==== Records for the task

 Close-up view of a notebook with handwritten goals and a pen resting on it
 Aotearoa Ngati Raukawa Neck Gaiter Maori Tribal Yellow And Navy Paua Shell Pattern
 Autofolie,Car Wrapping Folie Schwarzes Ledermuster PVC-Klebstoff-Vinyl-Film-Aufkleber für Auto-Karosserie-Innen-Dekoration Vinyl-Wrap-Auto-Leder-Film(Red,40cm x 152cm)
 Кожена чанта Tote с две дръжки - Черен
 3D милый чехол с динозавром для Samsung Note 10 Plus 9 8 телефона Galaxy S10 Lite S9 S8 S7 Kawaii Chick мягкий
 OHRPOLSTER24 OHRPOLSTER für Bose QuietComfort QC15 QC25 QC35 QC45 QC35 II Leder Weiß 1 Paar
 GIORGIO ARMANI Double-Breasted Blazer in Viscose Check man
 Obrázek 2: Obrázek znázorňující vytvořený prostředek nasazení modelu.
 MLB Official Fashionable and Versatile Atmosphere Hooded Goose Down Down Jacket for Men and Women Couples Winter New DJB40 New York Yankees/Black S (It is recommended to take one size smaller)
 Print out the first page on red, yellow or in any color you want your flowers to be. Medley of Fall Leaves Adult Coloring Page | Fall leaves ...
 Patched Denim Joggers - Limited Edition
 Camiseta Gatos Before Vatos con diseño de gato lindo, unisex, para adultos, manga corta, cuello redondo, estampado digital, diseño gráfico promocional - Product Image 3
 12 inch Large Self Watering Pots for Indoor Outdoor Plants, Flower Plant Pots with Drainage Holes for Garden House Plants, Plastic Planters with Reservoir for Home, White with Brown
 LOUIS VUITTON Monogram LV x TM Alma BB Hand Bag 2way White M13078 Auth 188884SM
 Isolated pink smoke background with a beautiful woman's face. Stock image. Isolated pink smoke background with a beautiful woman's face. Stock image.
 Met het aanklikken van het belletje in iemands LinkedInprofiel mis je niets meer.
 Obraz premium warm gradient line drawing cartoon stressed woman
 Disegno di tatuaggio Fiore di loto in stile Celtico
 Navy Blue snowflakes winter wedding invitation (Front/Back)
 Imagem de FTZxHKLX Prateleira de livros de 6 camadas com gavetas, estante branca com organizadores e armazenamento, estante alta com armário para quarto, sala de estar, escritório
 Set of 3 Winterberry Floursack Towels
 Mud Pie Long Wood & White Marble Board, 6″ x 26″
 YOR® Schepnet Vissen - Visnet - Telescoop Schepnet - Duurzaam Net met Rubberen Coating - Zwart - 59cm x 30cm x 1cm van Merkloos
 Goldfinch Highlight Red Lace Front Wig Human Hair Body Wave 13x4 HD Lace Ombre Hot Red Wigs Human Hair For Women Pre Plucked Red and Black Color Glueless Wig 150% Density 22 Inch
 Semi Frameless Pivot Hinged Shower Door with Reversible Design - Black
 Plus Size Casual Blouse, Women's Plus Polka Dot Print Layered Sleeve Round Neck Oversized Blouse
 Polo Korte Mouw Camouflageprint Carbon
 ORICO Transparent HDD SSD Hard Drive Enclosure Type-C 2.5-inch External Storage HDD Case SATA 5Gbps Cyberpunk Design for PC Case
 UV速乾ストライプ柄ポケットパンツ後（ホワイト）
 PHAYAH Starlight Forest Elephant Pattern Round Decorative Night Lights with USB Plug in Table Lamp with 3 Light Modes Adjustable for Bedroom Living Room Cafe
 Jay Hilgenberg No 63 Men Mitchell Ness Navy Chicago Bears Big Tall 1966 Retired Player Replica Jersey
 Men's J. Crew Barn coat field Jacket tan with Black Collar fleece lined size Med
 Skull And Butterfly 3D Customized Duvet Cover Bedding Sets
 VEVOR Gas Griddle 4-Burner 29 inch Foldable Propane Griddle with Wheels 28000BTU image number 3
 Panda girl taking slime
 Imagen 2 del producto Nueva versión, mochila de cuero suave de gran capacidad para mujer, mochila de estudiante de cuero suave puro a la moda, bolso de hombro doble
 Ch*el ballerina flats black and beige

========

-- What you have to do --
Beginning at the line with "OHRPOLSTER24 OHRPOLSTER für" and stopping after the line with "MLB Official Fashionable", please write out every line of the data above exactly and nothing else.

-- Response below --
 OHRPOLSTER24 OHRPOLSTER für Bose QuietComfort QC15 QC25 QC35 QC45 QC35 II Leder Weiß 1 Paar
 GIORGIO ARMANI Double-Breasted Blazer in Viscose Check man
 Obrázek 2: Obrázek znázorňující vytvořený prostředek nasazení modelu.
 MLB Official Fashionable and Versatile Atmosphere Hooded Goose Down Down Jacket for Men and Women Couples Winter New DJB40 New York Yankees/Black S (It is recommended to take one size smaller)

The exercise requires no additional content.